■ Task brief: Using the records below, write out only the lines from the line containing "Rep Husky DR8057-500" up to and including the line containing "Apartment - 2", exactly, with no pictures.

■ Data for review:
──────────────────────────────

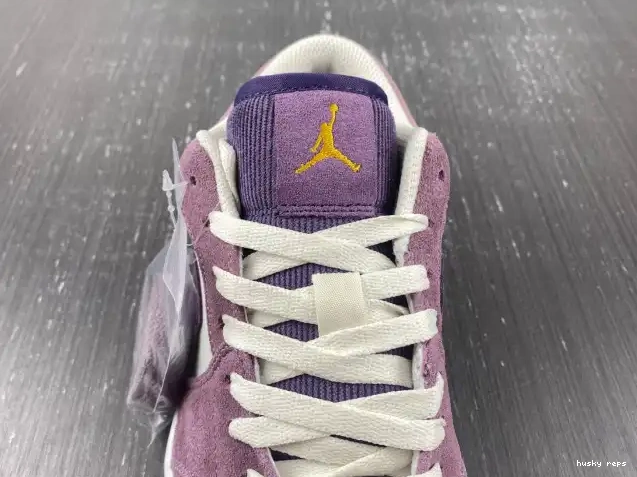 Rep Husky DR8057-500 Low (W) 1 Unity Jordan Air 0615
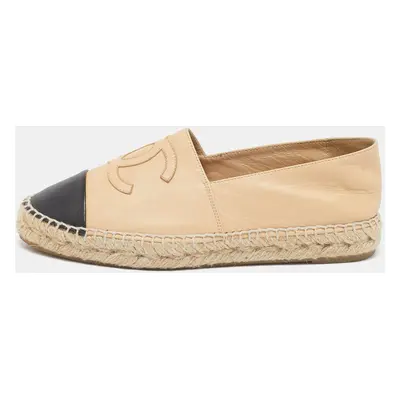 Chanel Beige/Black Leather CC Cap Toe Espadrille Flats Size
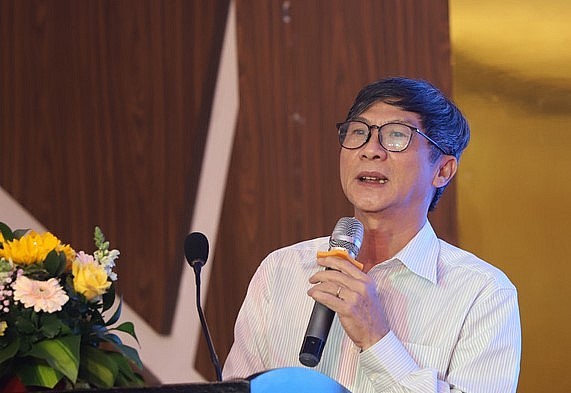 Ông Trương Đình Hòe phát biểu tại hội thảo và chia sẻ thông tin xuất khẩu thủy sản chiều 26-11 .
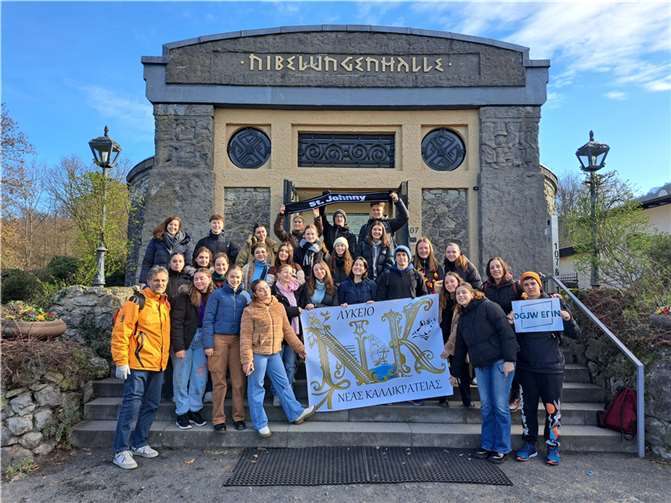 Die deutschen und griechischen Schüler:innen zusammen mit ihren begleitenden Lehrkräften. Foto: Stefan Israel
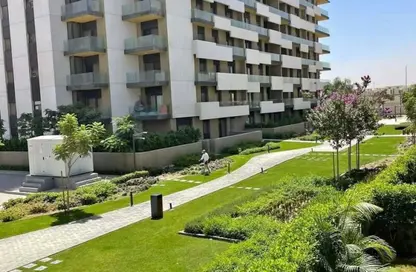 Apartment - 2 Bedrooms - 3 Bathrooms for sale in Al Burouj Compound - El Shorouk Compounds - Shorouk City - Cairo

──────────────────────────────

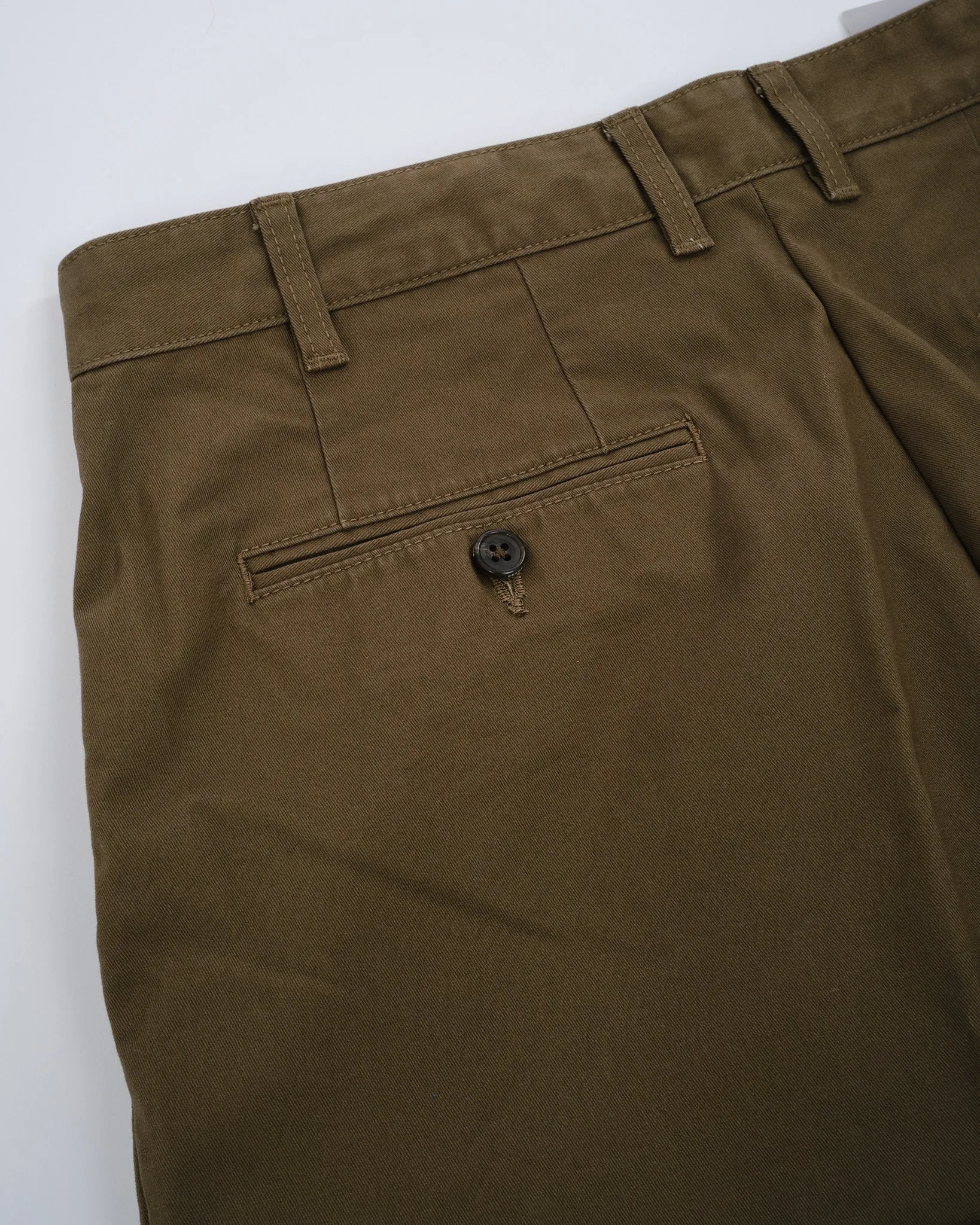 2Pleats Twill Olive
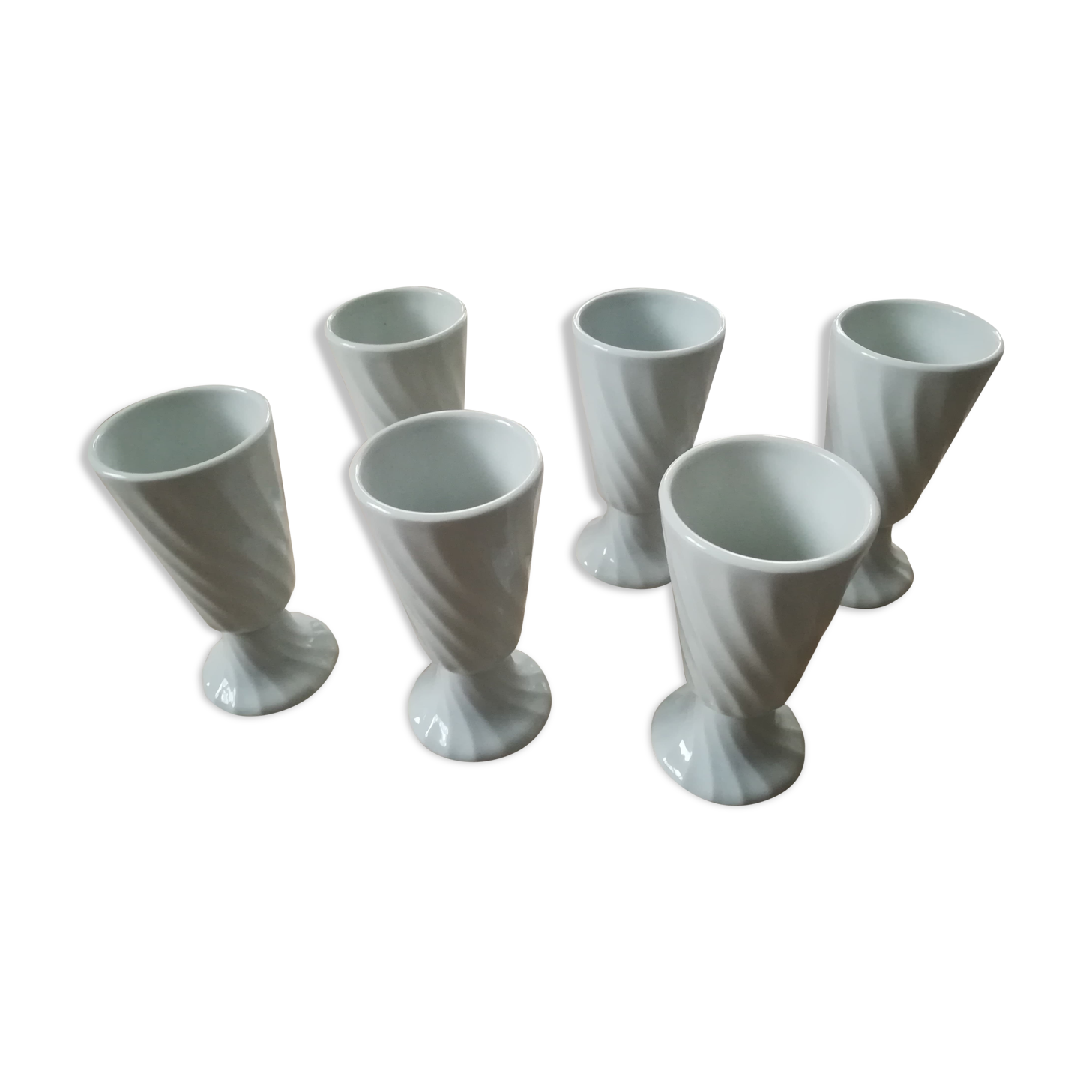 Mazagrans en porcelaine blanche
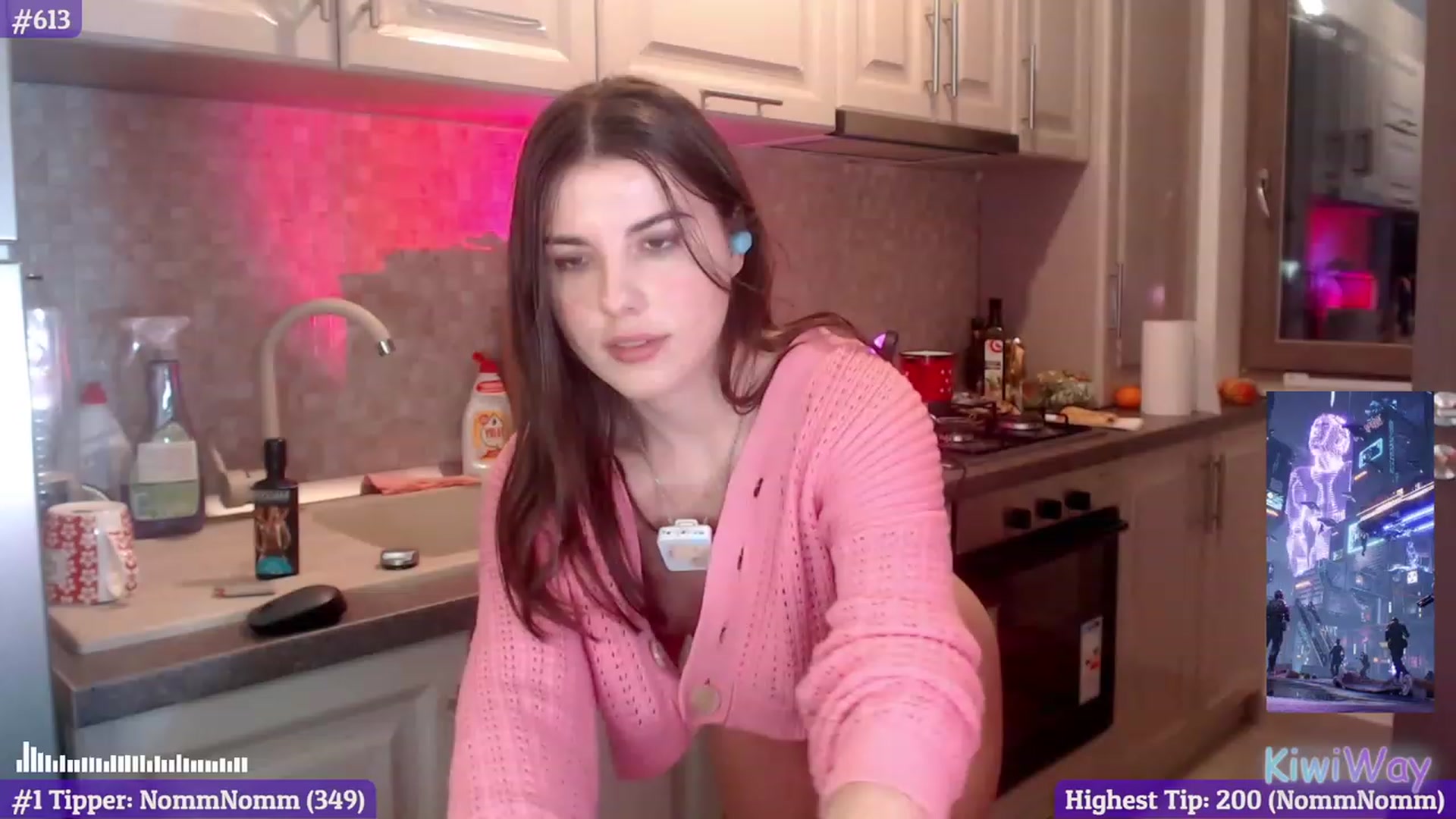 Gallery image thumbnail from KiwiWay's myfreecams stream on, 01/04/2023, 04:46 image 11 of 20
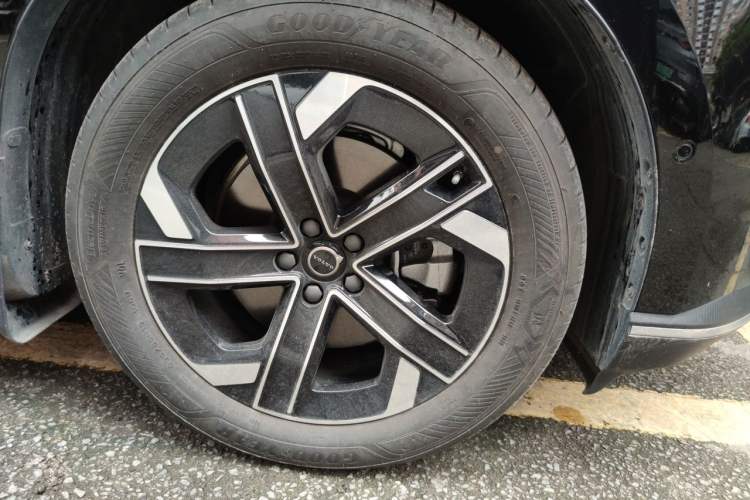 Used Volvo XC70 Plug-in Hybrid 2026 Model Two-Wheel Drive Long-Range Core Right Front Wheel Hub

──────────────────────────────

■ Answer to this exercise:
 Rep Husky DR8057-500 Low (W) 1 Unity Jordan Air 0615
 Chanel Beige/Black Leather CC Cap Toe Espadrille Flats Size
 Ông Trương Đình Hòe phát biểu tại hội thảo và chia sẻ thông tin xuất khẩu thủy sản chiều 26-11 .
 Die deutschen und griechischen Schüler:innen zusammen mit ihren begleitenden Lehrkräften. Foto: Stefan Israel
 Apartment - 2 Bedrooms - 3 Bathrooms for sale in Al Burouj Compound - El Shorouk Compounds - Shorouk City - Cairo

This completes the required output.